The Utah bill would allow state legislators, if they can muster a two-thirds vote in both the House of Representatives and Senate, to pass a concurrent resolution barring a government officer from enforcing “a federal directive within the state if the Legislature determines the federal directive violates the principles of state sovereignty.”
“This is a tool that when we think the federal government is a little out of balance, we can try to right that balance and put states’ rights ahead of the federal,” said Mr. Sandall.
But the bill, if passed, will confer limited powers, since a concurrent resolution cannot become law, said Jay DeSart, who chairs the department of history and political science at Utah Valley University.
“It ultimately amounts to an official expression of a sentiment. It doesn’t really have any teeth. All this will do is have the state officially say, ‘We don’t like this and so we’re going to drag our feet,’ ” said Prof. DeSart.
Critics in Utah have also raised concern over how the bill could affect Indigenous nations, which have a direct relationship with the federal government. “Our asking to be respected as a state and not respecting the tribal sovereignty is problematic,” Luz Escamilla, the Democratic leader in the Utah Senate, said Friday.
“It introduces significant ambiguity into relationships involving federal funds that our state receives,” she said in a statement to The Globe and Mail.
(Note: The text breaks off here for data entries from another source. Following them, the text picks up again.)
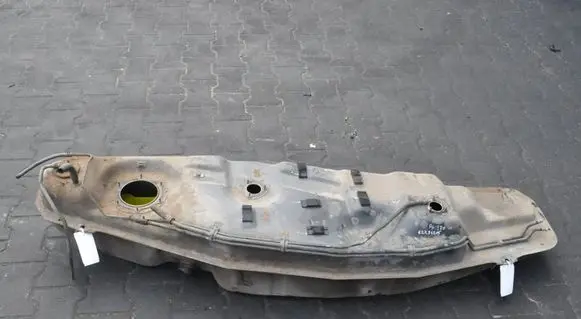 Mitsubishi Pajero Fuel tank 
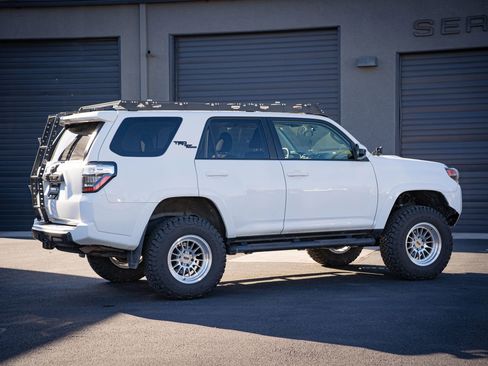 Used 2019 Toyota 4Runner TRD Off-Road image 8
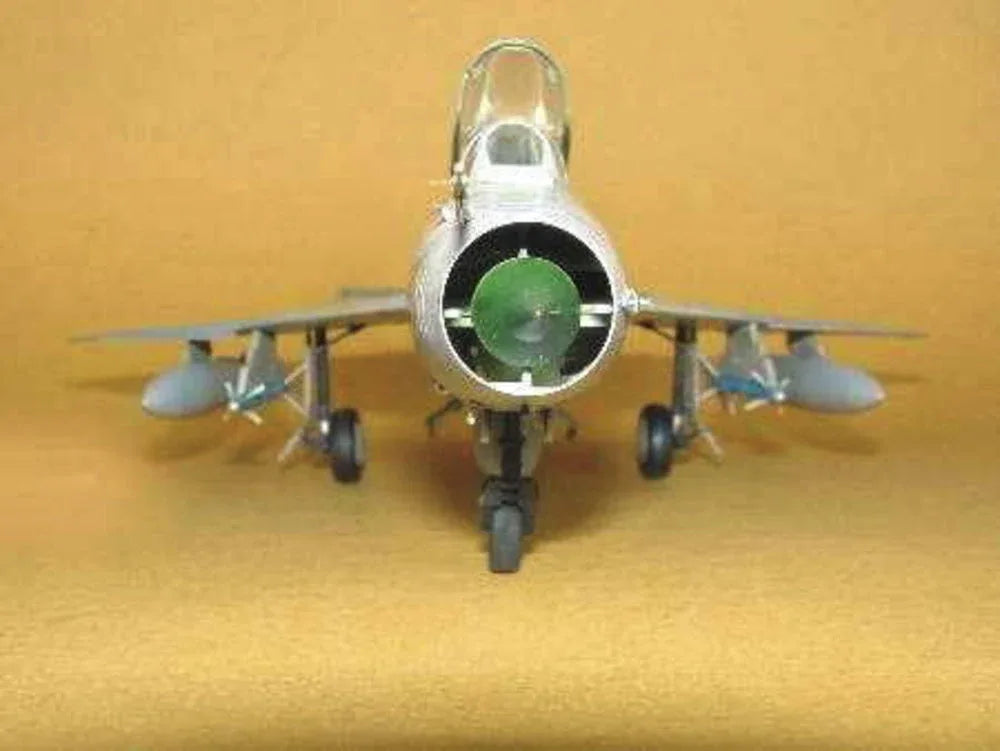 Chengdu F-7 MG - PremiumHobby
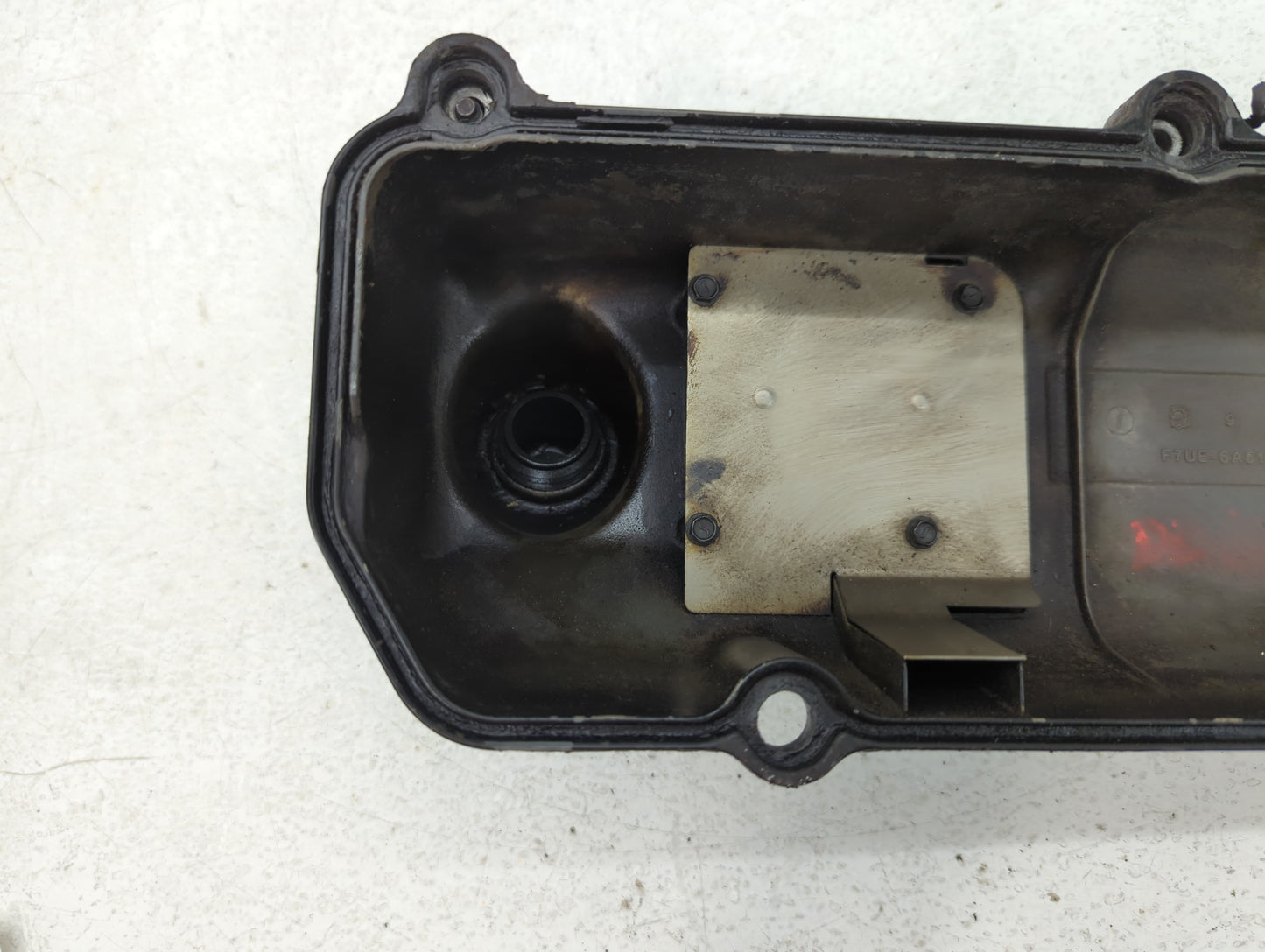 2001 Ford Mustang Driver Left Cylinder Head Valve Cover P/N:F7UE-6A513-DA Fits OEM Used Auto Parts - Oemusedautoparts1.com
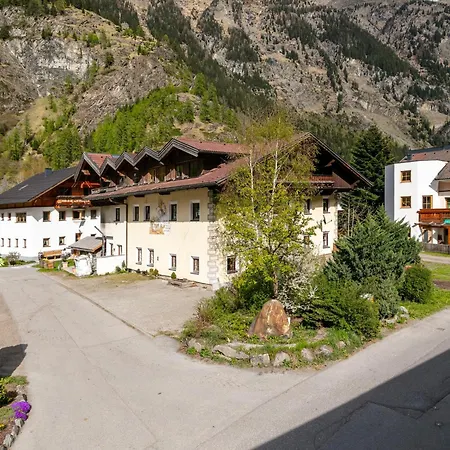 Schweizerhof Margrith Apartament *
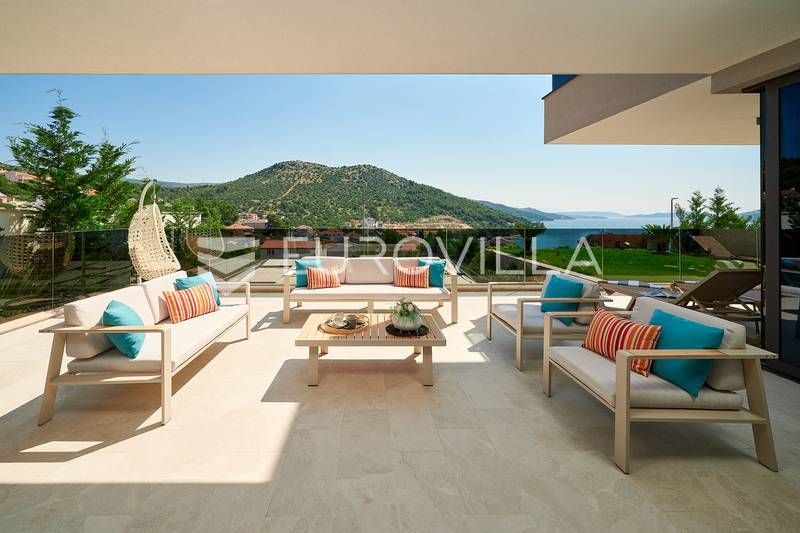 Haus zur Miete 10.000 € 4 Zimmer 430 m²<br/>Wohnfläche Trogir 21222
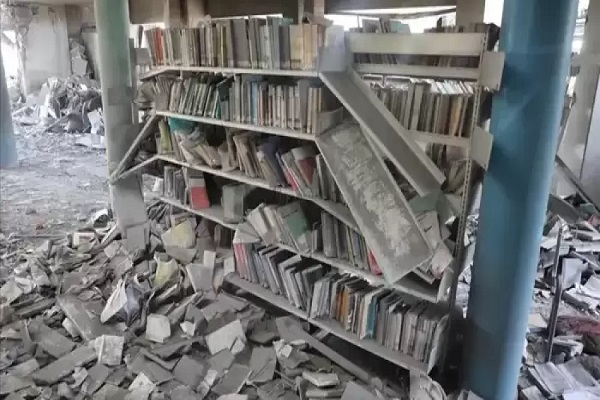 جنود الاحتلال يتفاخرون بحرق مكتبات ومساجد في غزة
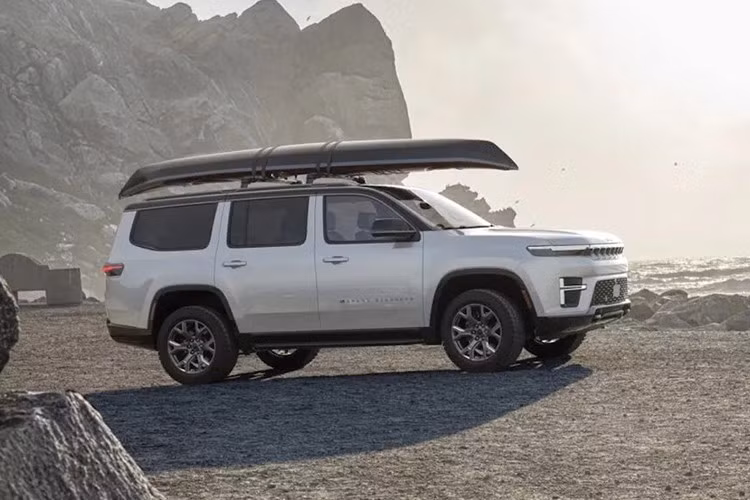 Phía dưới là hốc hút gió trung tâm của Jeep Grand Wagoneer 2026 nổi bật hơn, được bao quanh bởi đèn LED chạy ban ngày hình chữ T mới. Ở một vị trí khác, logo Wagoneer trên nắp capo đã được thay thế bằng logo Jeep.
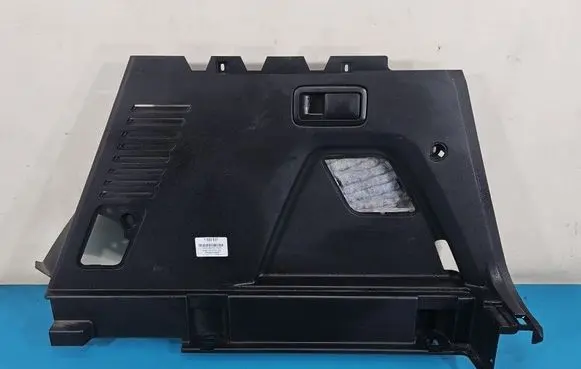 Trunk/boot side trim panel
Tensions between states and the federal government are nearly as old as the U.S. itself – and, in fact, are a design feature, “intended to be a protection from overreach by either level of government,” said Damon Cann, who heads the political science department at Utah State University.
In the decades before the Civil War, several states sought to use a doctrine of “nullification,” under which they asserted for themselves the power to invalidate federal laws. Such efforts were blocked by the U.S. Supreme Court, which has held that the power to determine the constitutionality of a law lies with federal courts rather than individual states.
“Many of the issues surrounding the situations where states can push back against the federal government were resolved 150-plus years ago,” said Prof. Cann.
But the U.S. Supreme Court has continued to rule on such issues. In 2022, it decided that the EPA cannot impose state-level carbon emissions caps under the Clean Air Act. In February, the court plans to hear oral arguments on a challenge to ozone regulations mounted by Ohio, Indiana and West Virginia.
“So we still and always will, I think, have some of this back and forth dialogue between states and the federal government on who gets to do what,” said Prof. Cann.
In Alberta, the premier’s office declined comment on the Utah bill, but said it welcomes legislative emulation.
“It’s great to see that the Alberta Sovereignty Within A United Canada Act is inspiring a greater discussion in jurisdictions across North America on the constitutional roles of federal and provincial/state governments,” Sam Blackett, a spokesperson for Ms. Smith, said in a statement.